He died of a stroke, his family said.
Mr. Shapiro joined the news agency, then United Press, in 1937. Fluent in Russian, he was sent to the Soviet Union. The following year he married Ludmilla Nikitina, the daughter of a University of Moscow professor. Except for a period in 1954 and 1955, when he was a Nieman fellow at Harvard, he reported continuously until 1973 and became dean of Western press corps in Moscow. From 1973 to 1979 he was the Kemper K. Knapp Professor at the University of Wisconsin School of Journalism.
He was born in Romania, grew up in New York and after graduating from City College and Harvard Law School, went to Moscow in 1933 to study comparative law. He was with the Reuters news agency for three years before switching to United Press. He wrote a book, "The U.S.S.R. After Stalin," published in 1954.

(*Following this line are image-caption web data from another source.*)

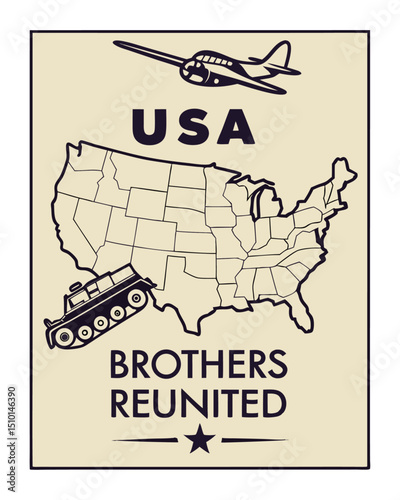 Brothers Reunited A Vintage American Patriotism Illustration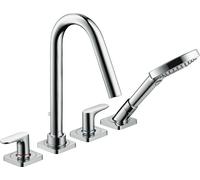hansgrohe AXOR Citterio M Canto de 4 agujeros con tiradores y rosetas, 34454000, Color: cromado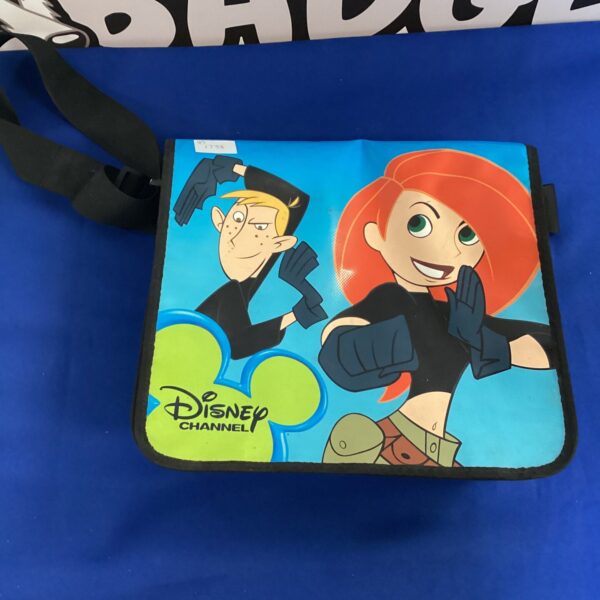 Front view of a colourful Kim Possible shoulder bag.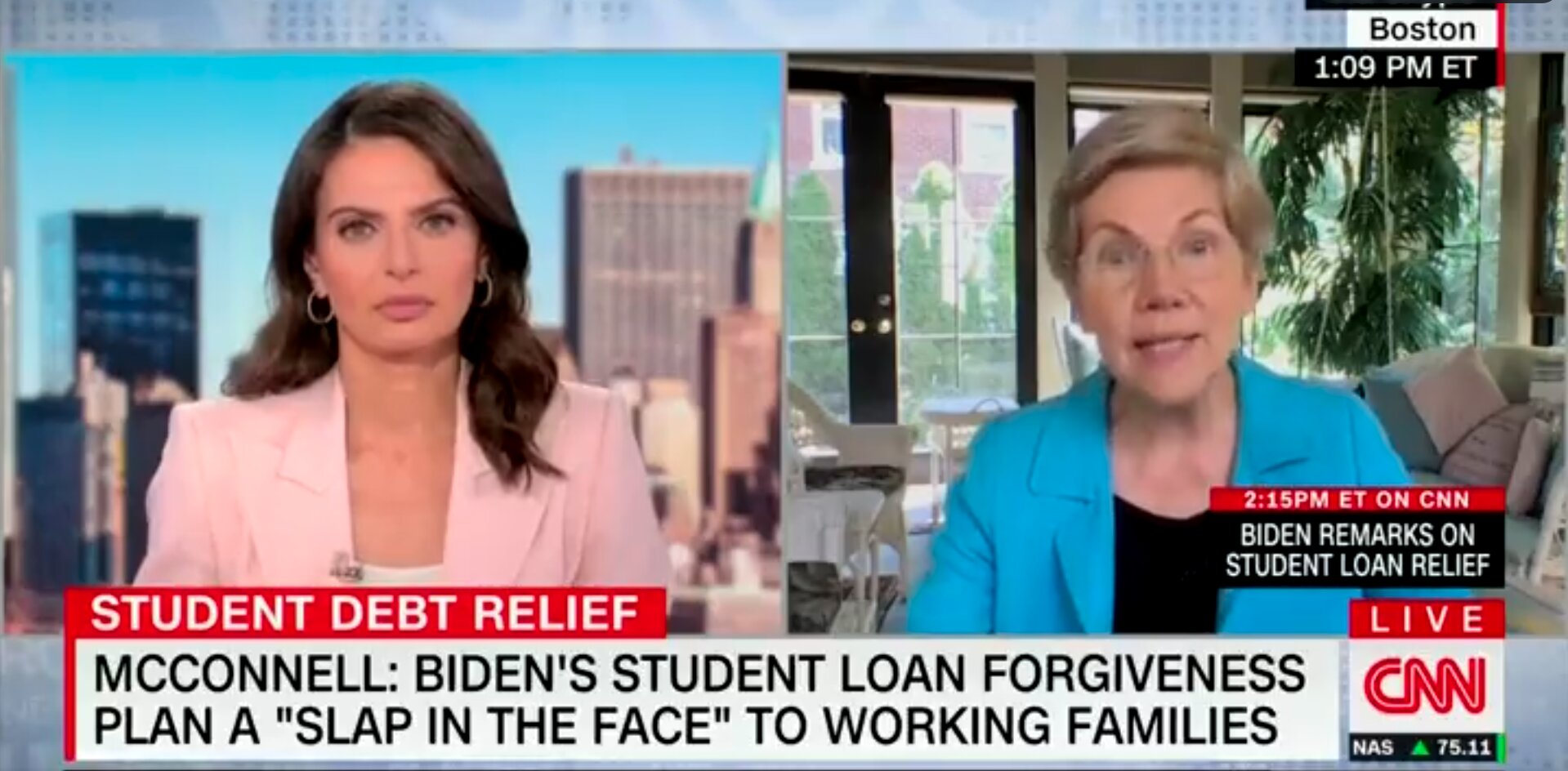 Watch: Warren Given Another Chance to Address Americans Who Paid Off Their Student Loans As Biden Cancels Student Debt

From Moscow Mr. Shapiro covered Stalin's purge trials in the late 1930s, the events leading up to Soviet-German collaboration at the outset of World War II, the ordeals of the war and the eventual victory of the Allies.
After the war he reported on the Cold War, and in 1953 he reported Stalin's death before the Soviet press published the news. He interviewed Nikita S. Khrushchev several times, and UPI officials said he had been called on by the Soviet leader for advice on American public opinion.